If you’re inside, you won’t care. The big curved screen is lifted from the iX SUV and looks mostly brilliant, bar one or two slightly 1990s-looking graphics. The on-screen menus are easy to work your way through too, especially as you still get the physical rotary controller of the iDrive system. There are some deeply tacky items, such as the crystalline finishes for the electric seat controls and the ‘mood lighting’ strip that runs across the dashboard.
This changes color depending on the driving mode, or flashes bright red when you activate the hazard lights. I’m still not sure if I quite like it or not, but to be honest once you’ve experienced the exceptional comfort of the front seats, you’ll probably not care much. Like some of the best hotels, the i7’s cabin overdoes the chintz slightly, but it’s worth it for the comfort.
That’s true in the back, too. With a wheelbase that’s actually slightly longer than that of the old long-wheelbase 7 Series, there’s ample stretching room, sunblinds on the side windows and a proper blackout blind on the rear glass. Overhead, there’s a standard panoramic glass roof, which optionally can be fitted with little filigree LED lines of light. If no one is sitting in the front passenger seat, then the person in the left rear seat can stretch right out in sumptuous club-class style, all of which is controlled by neat little smartphone-style screens in the rear door handles. Compared with the similarly-priced EQS, which can feel a touch austere, the i7 looks and feels much more overtly luxurious.
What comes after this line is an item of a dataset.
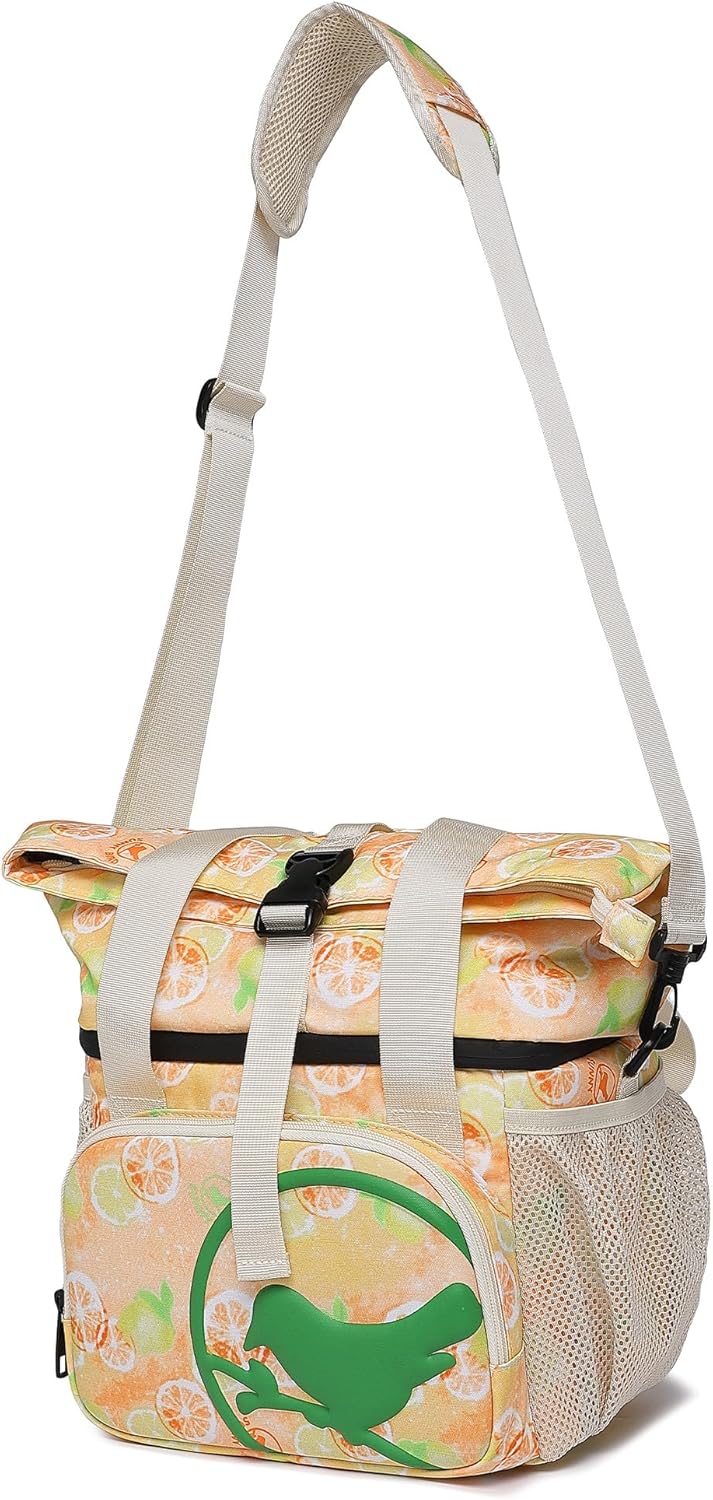 SUNNY BIRD Dual Compartment Lunch Bag Insulated Lunch Box for Women and Men (Green with Boho Strap)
Where the i7 also claws back more ground on its Mercedes rival is in how it drives. The EQS can outrange the BMW, but it can’t outcorner it. Even though the comfort of the i7 is almost total, as soon as you come to some corners it reminds you that it’s a proper BMW.
All-up, the i7 weighs a preposterous 2.7 tonnes (and a discussion about just how heavy we should allow electric cars to become is well overdue) but it belies the scales in the corners, sweeping through not with the distant hauteur of the EQS but with the driver involvement of a true-blue Munich product. As long as you’ve remembered to activate Sport mode, of course.
It’s far from a perfect car, the i7. That range is definitely an issue, although thankfully it charges with impressive speed from high-output chargers. The styling will at the very least cause among debate many, and potentially disgusting in some. There’s no debate about how it drives nor how deeply wonderful the interior is, though. Yes, it’s a heavy, expensive, rich-person’s gad-about – but it’s a damned fine one.
Lowdown: BMW i7 xDrive 60 M-Sport
Power: 400kW electric system developing 544hp and 745Nm of torque, powering all four wheels via a single-speed automatic transmission.
CO2 emissions (annual motor tax) 0g/km (€120).
Electric consumption: 19kWh/100km (WLTP).
Range: 590-625km (WLTP)
0-100km/h: 6.1 seconds
Price: €138,303 as tested, 7 Series starts from €125,325.